North Carolina missioner for reparations and restitution begins her work by learning churches’ stories

The Rev. Lindsey Ardrey, the canon missioner for diocesan reparations and restitution ministry in the Diocese of North Carolina, speaks on June 19, 2023, during a Juneteenth remembrance service at the McCoy Slave Cemetery hosted by St. Mark’s, Huntersville, North Carolina. Photo: Thomas Tatlow

[Episcopal News Service] In the six months that the Rev. Lindsey Ardrey has been the Diocese of North Carolina’s canon missioner for diocesan reparations and restitution ministry, she has spent most of her time learning the stories of some of the diocese’s 111 congregations as the first step to understanding what harms have been done by slavery and racism, and how they might be repaired.

The heart of her work is relational, she told Episcopal News Service.
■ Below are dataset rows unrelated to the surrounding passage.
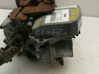 Volante 8200826807A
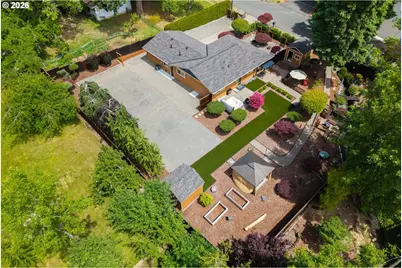 3985 SW 102nd Ave, Beaverton, OR 97005 - Photo 4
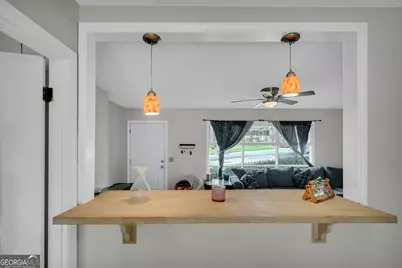 39 Meadowbrook Drive, Toccoa, GA 30577 - Photo 28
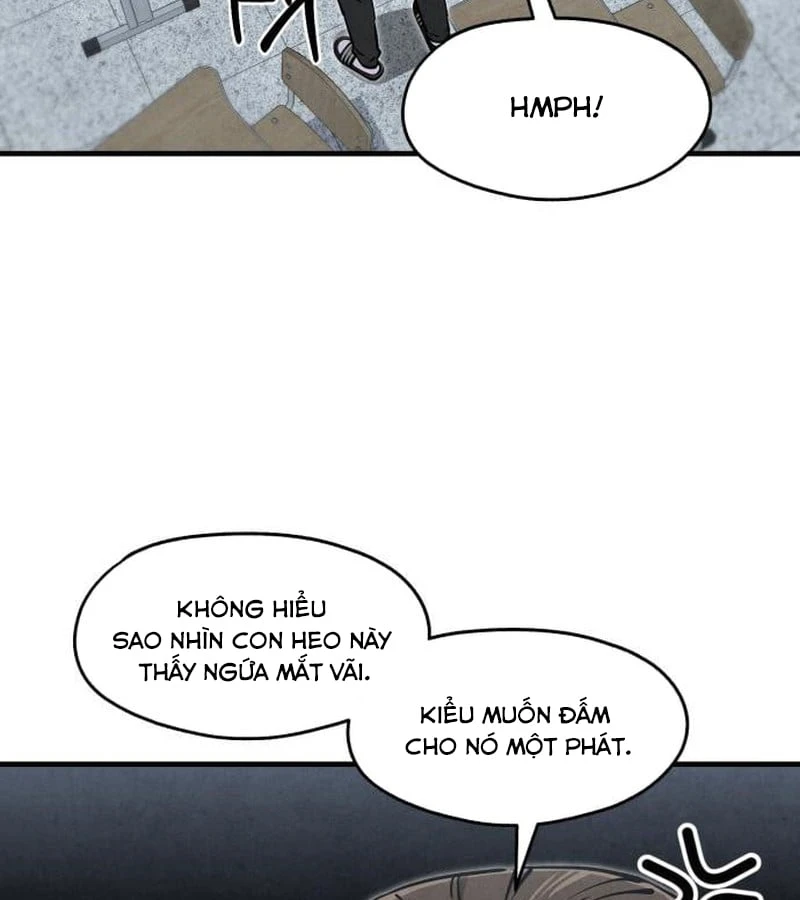 Trong Mắt Anh Chỉ Có Em Chapter 5 - 54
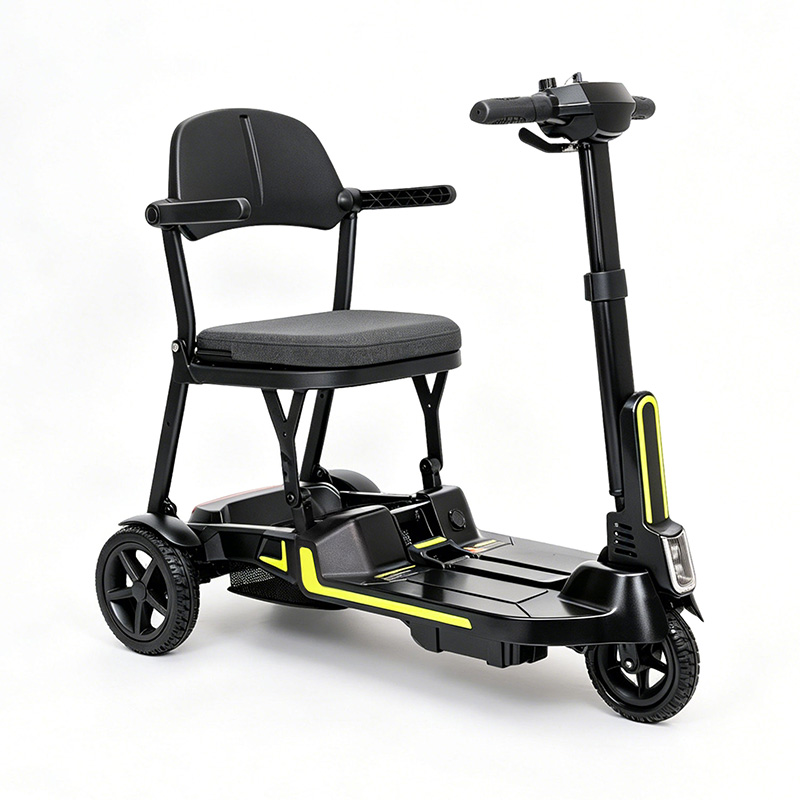 Cómodo viaje eléctrico de la vespa de la vespa eléctrica de la vespa eléctrica/vespa eléctrica portátil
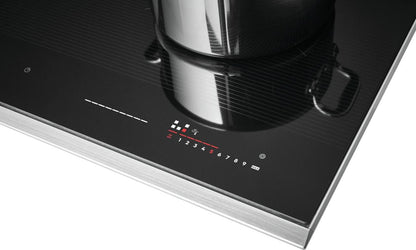 Electrolux ECCI3668AS 36" Induction Cooktop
She started by visiting the diocese’s 11 historically Black congregations, to introduce herself and explain the ministry she has undertaken. From there, she has been meeting with clergy of all congregations to hear what work already has been done in support of racial reckoning, justice and healing.

Bishop Samuel Rodman told ENS that the diocese is building on the racial reconciliation work started under Presiding Bishop Michael Curry when Curry previously served as bishop of North Carolina. It also follows the 2017 churchwide launch of the Becoming Beloved Community framework, which is based on four elements – truth-telling, repairing the breach, proclaiming the dream and walking in the way of love.

In 2022, Rodman said he began inviting congregations to explore their history as the diocese’s next step. “We are offering an invitation to our congregations to do the deep work of truth-telling and exploring our own history, which will lead to conversations and questions around how we make this right,” he said.

He added that North Carolina’s process was informed by the examples set by several other dioceses, including Maryland, Massachusetts, New York, New Jersey and Texas, as well as by Virginia Theological Seminary, in looking honestly at their histories around slavery with an eye toward repairing harms that were done.

To help this work take root in the Diocese of North Carolina, which includes congregations in the middle third of the state, Rodman appointed Ardrey to guide the process. A news release announcing her selection said she would “play a key role in helping the diocese to acknowledge the destructive legacy of slavery and white supremacy within the diocese, and creating a path to justice, restitution and healing so that we may better embody Christ’s beloved community.”

While the work itself isn’t new, Ardrey said she thinks her position, with its emphasis on reparations and restitution, is a first in The Episcopal Church. She said Rodman’s invitation to explore church histories also is taking place at the diocesan level, with archivist Lynn Hoke and the Rev. Brooks Graebner, a historiographer, thoroughly examining the diocese’s role in racism and oppression.

She also has collaborated with the Rev. Kathy Walker, who as the diocese’s canon missioner for Black ministries works directly with the diocese’s historically Black congregations. Walker told ENS that the histories of church buildings across the diocese help tell a larger story about the effects of slavery and segregation today.

“The strange conundrum in this diocese and in places in the South is that during the time of slavery, Black people and white people went to the same church,” she said, even though they sat separately, with enslaved people in the balconies. “But when Jim Crow came along, and segregation became the law of this land, suddenly you have Black churches being built all around the diocese, all around the South, because they no longer could worship together.” Some were created from white congregations, Walker said, and some were built on their own.

For Ardrey, conversations with Rodman and Walker about these histories gave her “a few inclinations” about what reparations might mean in the diocese, but more listening has to come before any action. And while reparations usually involve money, that can’t be where the repair ends. “Money can’t wipe away sin,” she said. “It can’t wipe away the past.”

She also thinks that for white people, the concern about the cost goes beyond potential dollar amounts. “You hear ‘reparations,’ and what comes up is the guilt, the shame, the embarrassment, the ‘Let’s just not talk about it. It’s over. We’ve passed that,’” she said. “But that’s because there’s a cost to yourself, to your identity, to who you proclaim to be, to who you think you are.”

Besides inviting more congregations to be part of this process, Ardrey seeks to have deeper conversations with majority Black churches in the diocese and to ask them “Where does it hurt?” and “What do reparations look and sound like to you?”

She also looks forward to zooming out to explore larger systemic issues, including ones that over time created distrust between Black churches and the diocese. Structures, both physical buildings and the way church governance and operations have been established, play a part. “Perhaps those are scarier for Episcopalians,” she said, “because it’s how we are living our lives.”

–Melodie Woerman is a freelance writer and former director of communications for the Diocese of Kansas.